DMM reduces hepatic inflammation in a preclinical model of MASH (A) Experimental design (drawn with BioRender.com). (B) Serum ALT levels (Ctrl groups: n = 4; HF-HC groups: n = 10). (C and D) Histological determination of hepatic steatosis with representative pictures of H&E staining (Ctrl groups: n = 4; HF-HC groups: n = 10). (E) Body weight of mice (Ctrl groups: n = 4; HF-HC groups: n = 10). (F) Liver weight/body weight ratio of mice (Ctrl groups: n = 4; HF-HC groups: n = 10). (G) Representative pictures and quantification of F4/80 staining in the liver of control and HF-HC mice determined by immunohistochemistry (Ctrl groups: n = 4; HF-HC groups: n = 5). (H) High-magnification representative picture and quantification of crown-like macrophagic infiltrates determined by F4/80 staining on mice liver (Ctrl groups: n = 4; HF-HC groups: n = 5). (I) Relative mRNA expression of pro-inflammatory cytokines (Il-1β and Tnf-α) and MCP-1 (Ccl-2) in the liver of control and HF-HC mice determined by qPCR (Ctrl groups: n = 4; HF-HC groups: n = 5). (J) Relative mRNA expression of KC markers (Cd163, Timd4, and Clec4f) in the liver of control and HF-HC mice determined by qPCR (Ctrl groups: n = 4; HF-HC groups: n = 5). (K) Relative mRNA expression of Mo-MØ markers (Ccr2, Cx3cr1, Gpnmb, Trem2, and Spp1) in the liver of control and HF-HC mice determined by qPCR (Ctrl groups: n = 4; HF-HC groups: n = 5).
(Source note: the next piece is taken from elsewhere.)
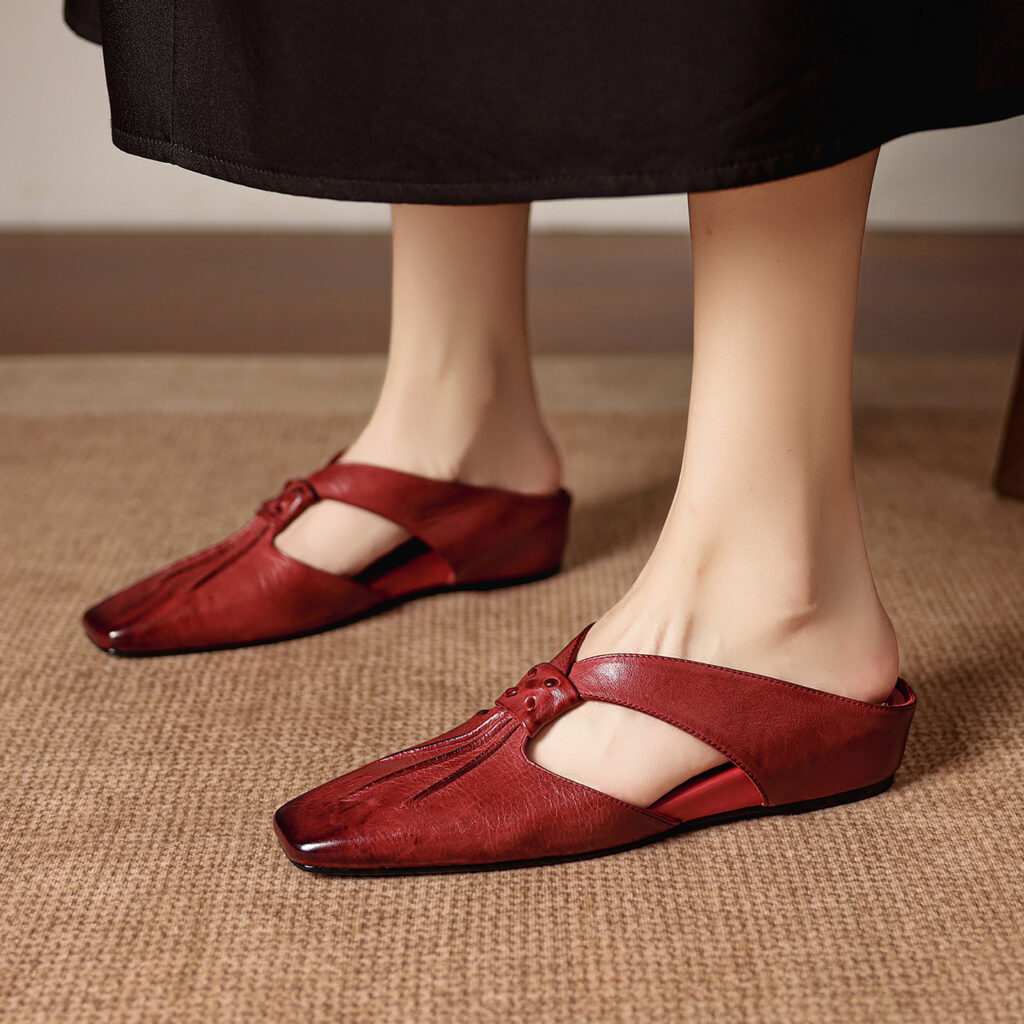 Women's Handmade Full-Grain Leather Mule Sandals, Vintage Square Toe T-Strap Slip-On Flat Shoes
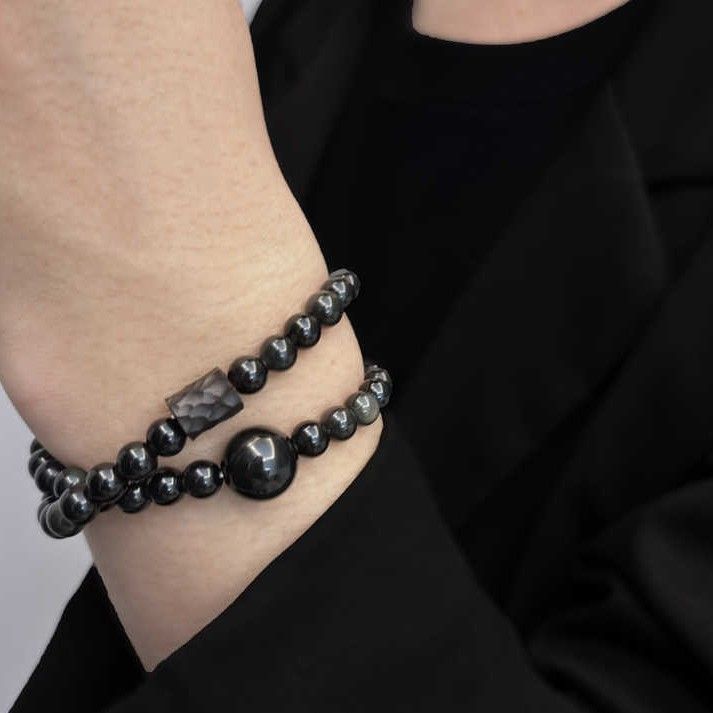 DOUBLE-WRAP OBSIDIAN & EBONY BRACELET 3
Data are expressed in mean ± SEM; ∗p < 0.05, ∗∗p < 0.01, ∗∗∗p < 0.001, and ∗∗∗∗p < 0.0001 according to one-way ANOVA followed by post hoc analysis (Bonferroni test). IL-1β, interleukin-1β; TNF-α, tumor necrosis factor α; CD163, CD163 antigen; MCP-1 (CCL-2), monocyte chemoattractant protein-1; TIMD4, T cell immunoglobulin and mucin domain containing 4; CLEC4F, C-type lectin domain family 4 member F; CCR2, C-C motif chemokine receptor 2; CX3CR1, C-X3-C motif chemokine receptor 1; GPNMB, glycoprotein Nmb; TREM2, triggering receptor expressed on myeloid cell 2; SPP1, secreted phosphoprotein 1; DMM, dimethyl malonate; HF-HC, high fat and high cholesterol; MØ CLA, macrophagic crown-like aggregate; KCs, Kupffer cells; Mo-MØ, monocyte-derived macrophage.